Emit a verbatim copy of the lines below from the line with "thumbnail: Property grounds" through the line with "Very attractive offer!", excluding pictures and everything outside that range.
[[ Dataset content open ]]
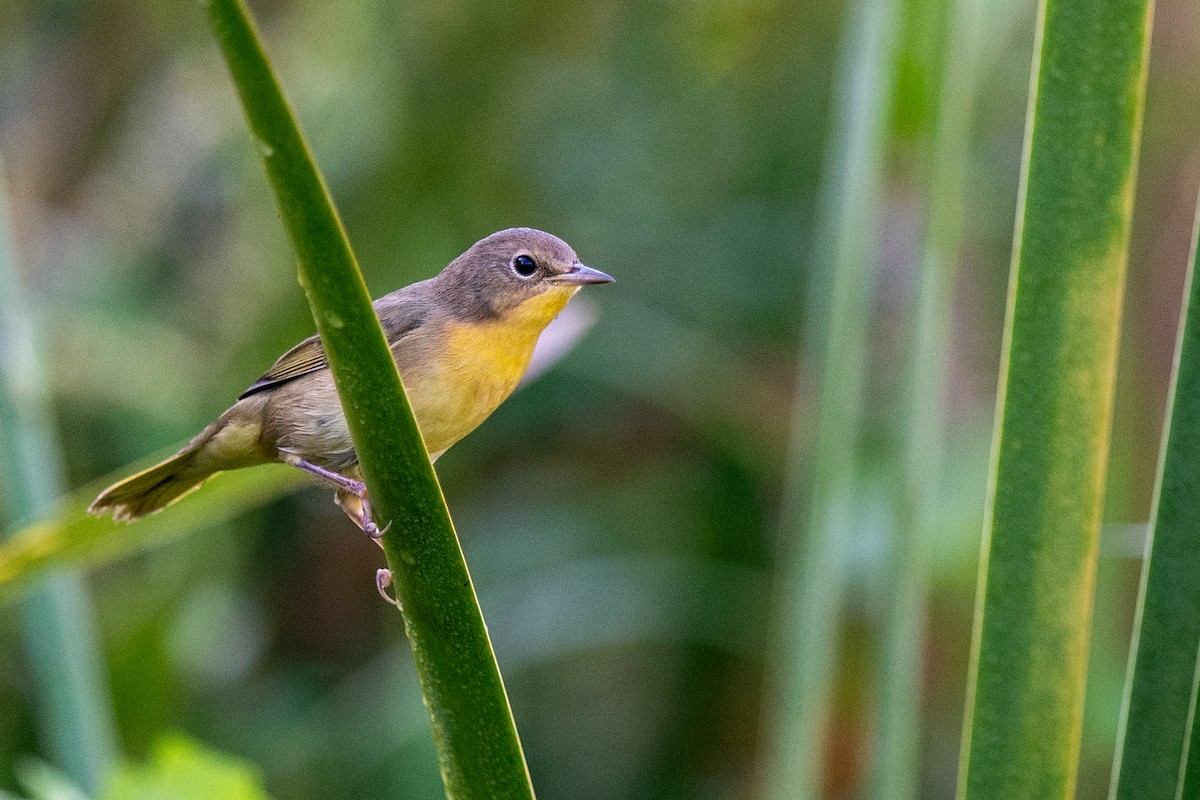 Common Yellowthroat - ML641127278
[[ Dataset content closed ]]
[[ Dataset content open ]]
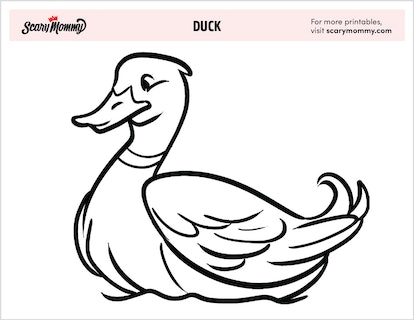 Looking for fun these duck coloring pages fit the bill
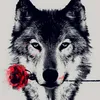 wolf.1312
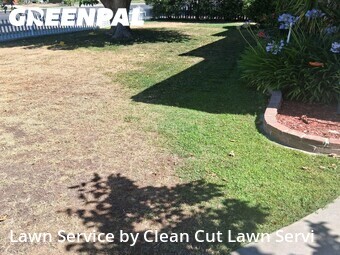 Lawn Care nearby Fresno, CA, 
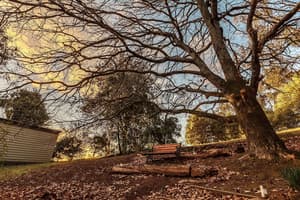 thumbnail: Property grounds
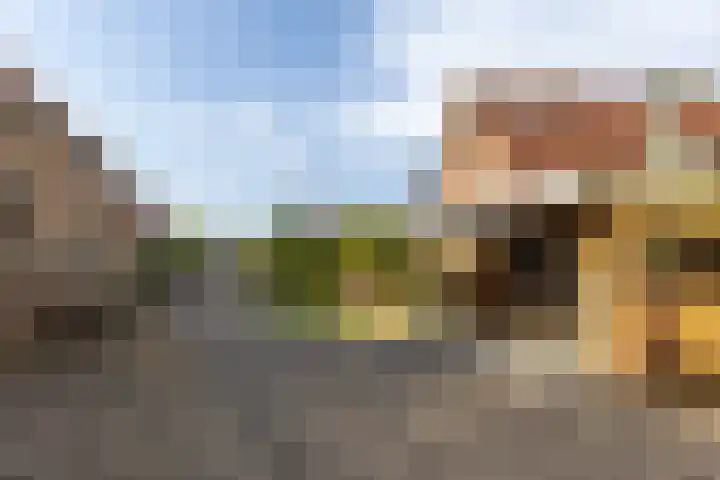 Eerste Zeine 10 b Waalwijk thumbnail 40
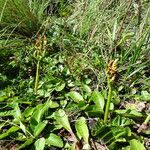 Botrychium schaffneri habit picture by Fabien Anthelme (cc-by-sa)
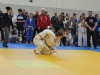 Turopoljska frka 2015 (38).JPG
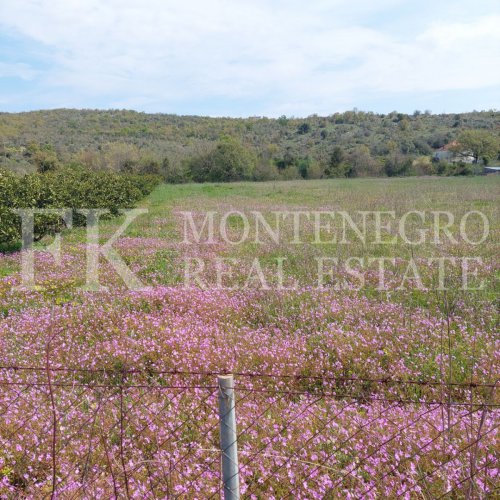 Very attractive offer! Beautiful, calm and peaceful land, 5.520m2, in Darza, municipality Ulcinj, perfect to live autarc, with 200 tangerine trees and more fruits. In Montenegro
[[ Dataset content closed ]]
[[ Dataset content open ]]
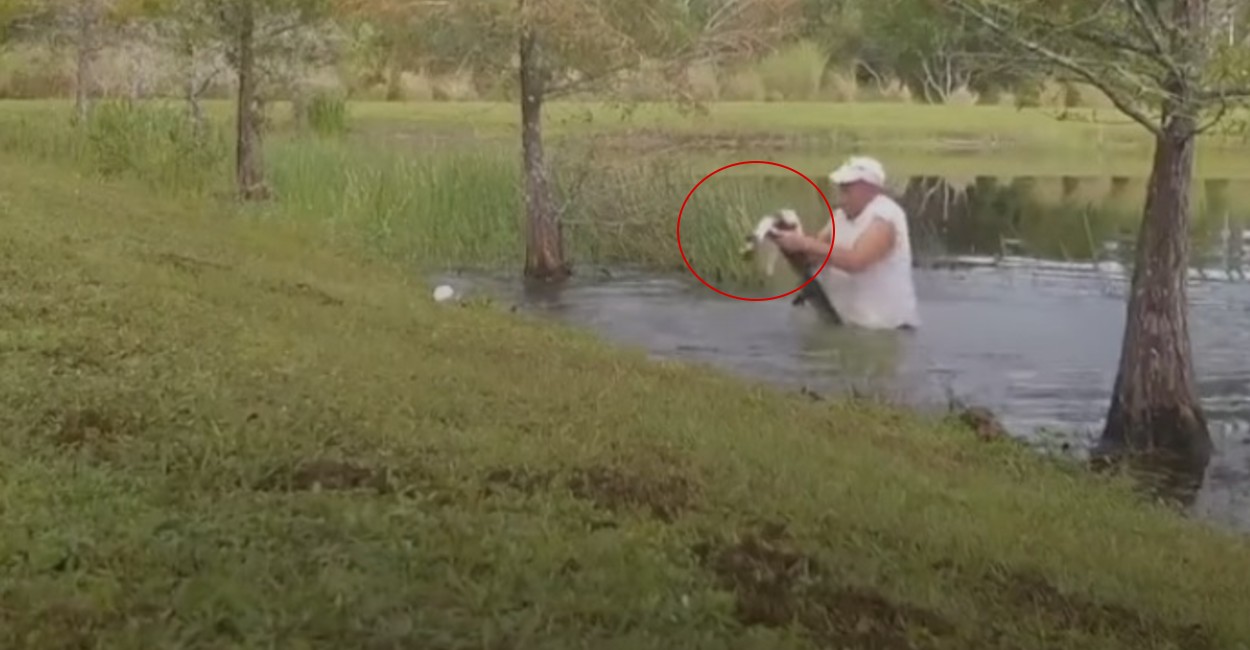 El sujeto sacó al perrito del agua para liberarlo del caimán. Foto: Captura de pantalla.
[[ Dataset content closed ]]
Reply to the exercise:
 thumbnail: Property grounds
 Eerste Zeine 10 b Waalwijk thumbnail 40
 Botrychium schaffneri habit picture by Fabien Anthelme (cc-by-sa)
 Turopoljska frka 2015 (38).JPG
 Very attractive offer! Beautiful, calm and peaceful land, 5.520m2, in Darza, municipality Ulcinj, perfect to live autarc, with 200 tangerine trees and more fruits. In Montenegro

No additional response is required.